But a substantial issue and ultimately what drew me to my new camera, a Fuji x100s, was the lack of a proper viewfinder on the Leica. Everytime you wanted to take a photo, you had to do that awkward thing where you hold the camera up at arms length and look at the LCD screen on the rear panel.

I hate that.

1/60, f 2.0, iso 3200
1/60, f 2.0, iso 3200
1/60, f 2.0, iso 2000
1/60, f 2.0, iso 2000

The x100s is a classic rangefinder design. A real viewfinder, fully manual operation and one of the best lenses on the market today. There’s all sorts of other technical reasons why the Fujifilm is an amazing camera and why it’s being heralded as the “new” Leica.

But all that really matters is how a camera feels in your hands, how it shapes what you shoot and how it inspires you to look at the world.

And the Fuji inspires. Just holding it starts the process, the desire, the change you can’t predict.

The Fuji X100S
1/125, f 5.6, iso 320
1/60, f 2.0, iso 2500
1/120, f 3.2, iso 500

The x100s doesn’t hold your hand the way so many cameras do today. It doesn’t have “scene” settings, or anything automatic about it. It has one lens, fixed at 35mm. If you want to zoom, you walk.

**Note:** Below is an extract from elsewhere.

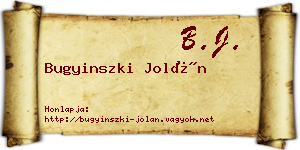 Bugyinszki Jolán névjegykártya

It requires you to know something about photography, exposure, light and how they interact. It slows you down. It makes you think. And that’s a good thing in photography. Thats where low frequency, high amplitude comes in. Not so many photos, but hopefully better ones.

More signal, less noise.

1/60, f 5.0, iso 500
1/1200, f 4.5, iso 500

Like I said earlier, there’s nothing special about any of these photos. They were all shot without a lot of experience with the camera. They were all shot one evening and the next morning. They were processed in Adobe Lightroom 5 with some really cool VSCO filters.

But other than that, they aren’t anything.

But they are the first steps in that long relationship you have with a camera.

— GBN

(hat tip to David Hobby of Strobist for the “low frequency, high amplitude” title. And for countless other ways he’s inspired me.)